Invent, Experiment: Jazz!


A Jazz Night for Voice and Vibraphone

with Désirée Nosbusch and Pascal Schumacher

choice of texts Marc Limpach

10th June at 8 p.m. at the Kasemattentheater

Since the turn of the 20th century, poets have responded to jazz in all its musical and cultural overtones. Ever since its first flowering, jazz has had a powerful influence on American, but also European poetry. This reading features a selection of jazz-influenced writing and offers a treasury of poems and texts that are as varied and as vital as the music that inspired them. They pay tribute to jazz’s great voices and throb with the vivid rhythm and energy of the jazz tradition, ranging in tone from mournful elegy to sheer celebration. Jumping boundaries like jazz itself, it offers the literary rhythms of an eclectic company of distinguished writers. From the Harlem Renaissance to the beat movement, from the poets of the New York school to the contemporary poetry scene, the jazz aesthetic has been a compelling literary force.

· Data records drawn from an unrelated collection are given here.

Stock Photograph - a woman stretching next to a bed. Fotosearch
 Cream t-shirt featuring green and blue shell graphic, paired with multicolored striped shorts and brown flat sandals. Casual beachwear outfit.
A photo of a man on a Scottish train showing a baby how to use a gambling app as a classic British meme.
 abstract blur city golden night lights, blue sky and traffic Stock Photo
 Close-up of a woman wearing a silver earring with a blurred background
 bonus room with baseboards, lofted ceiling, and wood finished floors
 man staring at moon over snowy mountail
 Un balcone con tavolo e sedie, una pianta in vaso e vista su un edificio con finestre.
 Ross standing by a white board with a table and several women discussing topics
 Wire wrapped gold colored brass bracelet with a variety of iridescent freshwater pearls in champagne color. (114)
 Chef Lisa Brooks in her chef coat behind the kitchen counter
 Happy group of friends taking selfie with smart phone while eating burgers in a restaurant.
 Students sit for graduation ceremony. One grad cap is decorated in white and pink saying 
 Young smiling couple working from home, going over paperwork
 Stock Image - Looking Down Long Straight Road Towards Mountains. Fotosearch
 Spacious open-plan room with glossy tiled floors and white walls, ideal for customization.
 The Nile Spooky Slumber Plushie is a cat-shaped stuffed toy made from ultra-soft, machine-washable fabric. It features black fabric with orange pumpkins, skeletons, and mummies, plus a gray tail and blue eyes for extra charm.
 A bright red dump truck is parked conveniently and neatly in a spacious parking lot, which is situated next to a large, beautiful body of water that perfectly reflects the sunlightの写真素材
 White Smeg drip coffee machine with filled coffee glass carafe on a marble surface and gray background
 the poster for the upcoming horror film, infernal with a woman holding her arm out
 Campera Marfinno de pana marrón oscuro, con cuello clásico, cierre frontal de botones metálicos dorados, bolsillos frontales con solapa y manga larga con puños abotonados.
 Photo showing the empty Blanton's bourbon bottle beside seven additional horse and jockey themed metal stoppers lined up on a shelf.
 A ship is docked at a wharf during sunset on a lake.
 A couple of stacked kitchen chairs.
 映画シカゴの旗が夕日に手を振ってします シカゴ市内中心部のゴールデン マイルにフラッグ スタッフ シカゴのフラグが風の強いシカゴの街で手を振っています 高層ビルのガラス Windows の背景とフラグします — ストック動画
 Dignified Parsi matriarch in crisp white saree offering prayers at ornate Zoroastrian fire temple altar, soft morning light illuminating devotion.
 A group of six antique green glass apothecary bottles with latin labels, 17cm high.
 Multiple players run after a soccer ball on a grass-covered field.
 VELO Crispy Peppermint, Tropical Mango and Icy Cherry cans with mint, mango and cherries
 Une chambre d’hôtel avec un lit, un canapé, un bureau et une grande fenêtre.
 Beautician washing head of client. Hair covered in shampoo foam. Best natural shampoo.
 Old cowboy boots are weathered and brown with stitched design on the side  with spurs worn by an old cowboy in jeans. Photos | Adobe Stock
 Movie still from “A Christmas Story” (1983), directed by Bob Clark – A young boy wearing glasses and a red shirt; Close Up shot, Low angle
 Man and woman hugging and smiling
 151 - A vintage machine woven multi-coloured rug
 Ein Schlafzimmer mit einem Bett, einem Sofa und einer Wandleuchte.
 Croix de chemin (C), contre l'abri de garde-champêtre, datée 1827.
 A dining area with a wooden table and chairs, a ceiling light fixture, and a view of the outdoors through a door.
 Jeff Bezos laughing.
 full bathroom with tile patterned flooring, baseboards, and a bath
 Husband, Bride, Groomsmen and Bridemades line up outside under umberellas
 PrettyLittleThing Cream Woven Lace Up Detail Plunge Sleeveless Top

Jazz often had also a political dimension. There is of course Billie Holiday’s extraordinary rendition of Strange Fruit written by teacher Abel Meeropol as a poem and published in 1937. That song emotionaly protested American racism, particularly the lynching of African Americans. But another dramatic illustration is the story told by Charles Black, a valuable member of Thurgood Marshall’s team of lawyers during the long journey to Brown v. Board of Education, a landmark decision by the Supreme Court that paved the way for racial integration and was a major victory of the civil rights movement. In 1931, growing up white in racist Austin, Texas, Black at age 16 heard Louis Armstrong in a hotel there. “He was the first genius I had ever seen” Black wrote long after in the Yale Law Journal. “It is impossible to overstate the significance of a sixteen-year-old southern boy’s seeing genius, for the first time, in a black. We literally never saw a black then in any but a servant’s capacity. It was just then that I started toward the Brown case where I belonged.” This reading represents a broad appreciation for jazz as poetic, cultural and political inspiration from artists across the decades. Containing poems not just about jazz, but also written in the spirit of jazz, this reading is an example of how productive cross- fertilization between the arts can be.

Désirée Nosbusch is Luxembourg’s most recognised presenter and actress. Last season she was acclaimed by critics and the public alike for her touching performance in Gift at the Kasemattentheater. Since winning the Django D’Or for Young Talent in 2005 Pascal Schumacher has been relentless in assuring his position as an outstanding artist and composer. He is a Vibraphone player with a unique aptitude and sensitivity. His flair for improvisation is married to a lucid inventiveness which together creates an original sound as visionary as it is melodic. Joining Voice and Vibraphone, Désirée and Pascal will give their own innovative interpretation of classic and modern jazz-influenced writing.